Partita fisica ma leale, con un arbitro che è andato a spanne, con la giungla bresciana che confondeva i palleggiatori juventini, tutti tranne Dybala che «c’era Guevara» tiene più o meno nella posizione di Allegri e ha sostituito non senza un briciolo di legittimo fastidio. Al netto di un Rabiot che, alla prima da titolare, sembrava aver sbagliato aula, di un Pipita calante, di un Bonucci gladiatorio e di testi che non subito entrano in testa, piccole tracce crescono.

Troppa differenza

Roberto Beccantini21 settembre 2019

La Juventus di Antonio Conte «cominciò» da un 2-0 al Milan di Ibra e Cassano. La sua Inter è ripartita da un 2-0 nel derby – e, dunque, sempre dal Milan – dopo la magra europea con lo Slavia. Quattro partite, quattro vittorie. E questa, cruciale, molto al di là dell’episodio che l’ha orientata: il fuorigioco di Lautaro sul tiro di Brozovic, sanato – via Var – dalla deviazione di Leao.

E’ stato un derby giocato a spron battuto, che l’Inter si è presa fin dall’inizio, una sgommata dopo l’altra. Non a caso, il migliore del Milan è stato Donnarumma e, sempre non a caso, di Handanovic non ricordo una parata. L’occasione di Lukaku, quella di Lautaro, il palo di D’Ambrosio (anche se era un gol mangiato), tutto o quasi sotto l’ispirazione di un Sensi irresistibile palla al piede (palla agli altri, viceversa, qualche corpo a corpo l’ha sofferto), di un Barella ormai padrone del ruolo e di un tridente difensivo che non ha lasciato passare uno spillo.
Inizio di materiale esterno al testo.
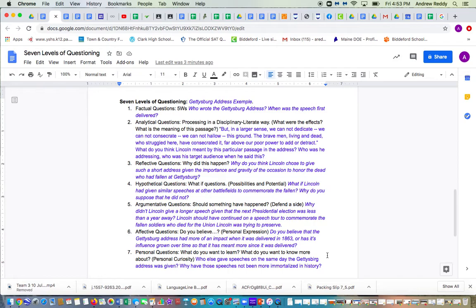The third type of question are reflective questions. Why did this happen? And an example might be, why do you think Lincoln chose to give such a short address given the importance and gravity of the occasion to honor the dead who had fallen at Gettysburg?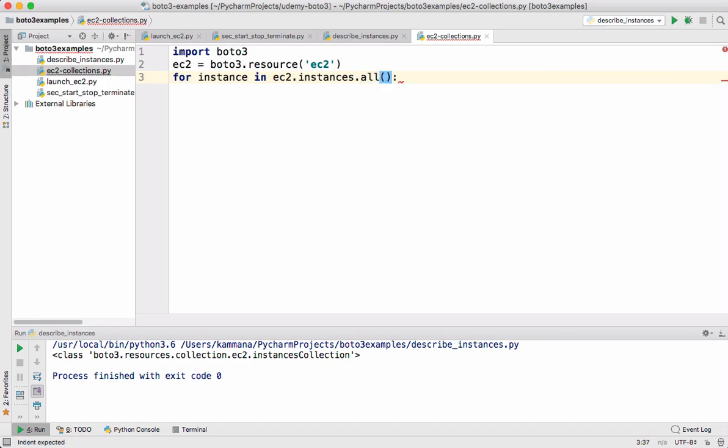So if you go and check the documentation, this particular EC2.instances.all is going to return back list of EC2 instances.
Conte è andato sul classico, Giampaolo ha calato, a sorpresa, la carta Leao. Non male, il portoghese. E’ Piatek, semmai, che continua a deludere. Nell’Inter ho colto un’idea, una scintilla; nel Milan solo gambe, solo orgoglio. Si affrontavano le migliori difese e uno degli attacchi più scarsi. Per un’ora non c’è stata partita, o ce n’è stata poca. L’Inter premeva, il Milan si è sempre cibato di momenti, di avanzi.
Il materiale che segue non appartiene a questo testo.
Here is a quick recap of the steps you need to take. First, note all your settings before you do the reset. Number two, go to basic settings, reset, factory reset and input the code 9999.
Il pressing interista ha soffocato Suso e, soprattutto, Biglia, regista di un centrocampo scarno e avaro. Non che Lukaku avesse fatto sfracelli, ma il raddoppio, di testa, è stato una specialità della casa. Lautaro, lui, mi è piaciuto per la «garra». Due sconfitte in quatto partite sarebbero troppe in assoluto, figuriamoci per il Milan (anche se un Milan-cantiere). L’Inter, viceversa, i derby li vinceva pure con Spalletti, ma Conte, quando va in testa, difficilmente se la monta o gliela tagliano.